Each of the entries beneath this task should be written out exactly.
== Segment start ==
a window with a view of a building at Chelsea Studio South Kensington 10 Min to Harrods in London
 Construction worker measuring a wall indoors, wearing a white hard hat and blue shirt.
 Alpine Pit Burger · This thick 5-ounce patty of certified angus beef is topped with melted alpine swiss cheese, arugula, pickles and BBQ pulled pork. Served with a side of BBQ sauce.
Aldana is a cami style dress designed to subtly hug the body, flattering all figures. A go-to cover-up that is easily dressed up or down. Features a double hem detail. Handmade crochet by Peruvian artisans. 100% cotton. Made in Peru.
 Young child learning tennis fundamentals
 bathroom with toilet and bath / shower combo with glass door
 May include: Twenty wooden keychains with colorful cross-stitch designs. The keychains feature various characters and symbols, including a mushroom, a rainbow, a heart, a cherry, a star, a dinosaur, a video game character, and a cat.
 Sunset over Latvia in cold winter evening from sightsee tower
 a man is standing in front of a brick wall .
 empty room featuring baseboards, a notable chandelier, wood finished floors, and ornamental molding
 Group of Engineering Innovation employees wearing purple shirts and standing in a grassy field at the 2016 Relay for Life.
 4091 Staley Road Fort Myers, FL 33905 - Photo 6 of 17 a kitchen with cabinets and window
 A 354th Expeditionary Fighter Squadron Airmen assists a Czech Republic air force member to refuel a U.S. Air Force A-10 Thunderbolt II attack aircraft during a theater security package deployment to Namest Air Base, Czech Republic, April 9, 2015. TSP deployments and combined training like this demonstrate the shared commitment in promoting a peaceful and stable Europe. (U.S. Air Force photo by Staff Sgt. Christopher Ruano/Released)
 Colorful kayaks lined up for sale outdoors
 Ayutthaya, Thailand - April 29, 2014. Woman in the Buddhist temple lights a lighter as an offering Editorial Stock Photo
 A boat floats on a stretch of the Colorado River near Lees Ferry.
== Segment end ==
TASK RESULT >>
a window with a view of a building at Chelsea Studio South Kensington 10 Min to Harrods in London
 Construction worker measuring a wall indoors, wearing a white hard hat and blue shirt.
 Alpine Pit Burger · This thick 5-ounce patty of certified angus beef is topped with melted alpine swiss cheese, arugula, pickles and BBQ pulled pork. Served with a side of BBQ sauce.
Aldana is a cami style dress designed to subtly hug the body, flattering all figures. A go-to cover-up that is easily dressed up or down. Features a double hem detail. Handmade crochet by Peruvian artisans. 100% cotton. Made in Peru.
 Young child learning tennis fundamentals
 bathroom with toilet and bath / shower combo with glass door
 May include: Twenty wooden keychains with colorful cross-stitch designs. The keychains feature various characters and symbols, including a mushroom, a rainbow, a heart, a cherry, a star, a dinosaur, a video game character, and a cat.
 Sunset over Latvia in cold winter evening from sightsee tower
 a man is standing in front of a brick wall .
 empty room featuring baseboards, a notable chandelier, wood finished floors, and ornamental molding
 Group of Engineering Innovation employees wearing purple shirts and standing in a grassy field at the 2016 Relay for Life.
 4091 Staley Road Fort Myers, FL 33905 - Photo 6 of 17 a kitchen with cabinets and window
 A 354th Expeditionary Fighter Squadron Airmen assists a Czech Republic air force member to refuel a U.S. Air Force A-10 Thunderbolt II attack aircraft during a theater security package deployment to Namest Air Base, Czech Republic, April 9, 2015. TSP deployments and combined training like this demonstrate the shared commitment in promoting a peaceful and stable Europe. (U.S. Air Force photo by Staff Sgt. Christopher Ruano/Released)
 Colorful kayaks lined up for sale outdoors
 Ayutthaya, Thailand - April 29, 2014. Woman in the Buddhist temple lights a lighter as an offering Editorial Stock Photo
 A boat floats on a stretch of the Colorado River near Lees Ferry.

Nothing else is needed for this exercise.